Yahudi kabileler içinde düşmanlıklarını ilk önce açığa
vuran Kaynuka yahudileri, Bedir zaferini küçümsüyor, sebebini,
Mekkeli arapların savaş bilmemelerine bağlayıp; "bizimle
karşılaşsalar da savaş nasıl olurmuş görseler" diyerek müslümanları
hafife alıyorlardı.
Bir müslüman
kadının yahudiler tarafından saldırıya uğraması üzerine çıkan
olaydan sonra Resulullah (s.a.s), Kaynukaoğullarına savaş ilân
etti. Müslümanlara karşı büyüklenen bu yahudi kabile, tıynetlerindeki
korkaklıklarından, sarfettikleri sözleri unutup kalelerine
kapanmaktan başka ça! re bulamadılar. Müslümanlarla çatışma
cesaretini gösteremeyen Kaynukaoğulları teslim olmaları üzerine
Medine'den sürülüp çıkarıldılar (bk. ; Kaynukaoğulları).
Gelişen olaylar
çerçevesinde Allah Teâlâ, sosyal, iktisadî, siyasî konulardaki
ayetlerini, hikmetine binaen bir nüzul sebebi çerçevesinde gönderirken,
İslâm savaş hukukuna dair teşrii de oluşmaya başlamıştı. İslâm,
canlı bir hayat dini olduğu için, inen hükümler hemen toplum
hayatına yansıtılıyor ve müslümanlar tarafından hazmedilerek,
yaşayışlarını onlara göre düzene koyuyorlardı. İslâm tebliğinin
Mekke safhası, nasıl ki kıyamete kadar sürecek tevhid mücadelesinde
insanlara örnek teşkil etsin diye Allah tarafından o seçkin
topluluğa yaşatılmışsa, Medine dönemi de, kıyamete kadar müslümanların
ferdi yaşayışlarından devlet düzenine kadar her şeyleri için
örnek olsun diye, yine o seçkin sahabeler topluluğuna yaşatılmakta
idi.
Bedir savaşından
sonra Resulullah, Mekke müşrikleriyle müttefik konumundaki müşrik
kabilelere karşı akınlara girişmişti. Bedir'de müslümanların
elde ettiği zafer ve Kaynukaoğullarının ihanetlerine karşılık
sürülmeleri, geri kalan yahudileri çileden çıkarmıştı. Bütün
peygamberlere ihanet eden bu kavim, Resulullah (s.a.s).ile yaptığı
antlaşmaya aykırı olarak Mekke müşrikleriyle gizliden gizliye
komplolar hazırlamaya girişti. Yahudi liderlerinden şair Ka'b b.

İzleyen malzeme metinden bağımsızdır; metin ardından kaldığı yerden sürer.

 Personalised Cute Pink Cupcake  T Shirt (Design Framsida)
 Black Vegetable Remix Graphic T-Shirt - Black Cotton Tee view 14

Eşref, Bedir zaferini duyduğu zaman üzüntüsünden;
"Bugün
yerin altı üstünden yeğdir" demiştir. Bu adam Mekke'ye
gidiyor ve Bedrin intikamını almaları için onları harekete geçirmeye
çalışıyor, yahudilerin kendilerine yardım yapacağına dair
taahhütlerde bulunuyordu. Düşmanlıkta alenî davranan ve ileri
giden bu yahudi öldürülerek fesatı engellenmişti.
Bedir mağlubiyetini
bir türlü hazmedemeyen ve öfkeden çılgına dönen müşrikler,
intikam almak için hemen hazırlıklara girişmişlerdi. Bedir öncesi,
Ebu Süfyan'ın Mekke'ye ulaştırdığı kervandan herkes sadece
sermayelerini almış, kervanın 250.000 dirhem tutarındaki toplam
kârı ordu teşkilinde harcanmak için ayrılmıştı. Mekke dışındaki
bir çok kabileye heyetler gönderilerek para karşılığında
asker toplama yoluna gidildi. Ordunun mümkün olduğu kadar büyük
ve kalabalık olması gerekiyordu. Zira Medine'ye doğru yürüme
cesaretini ancak bununla kendilerinde bulabilirlerdi.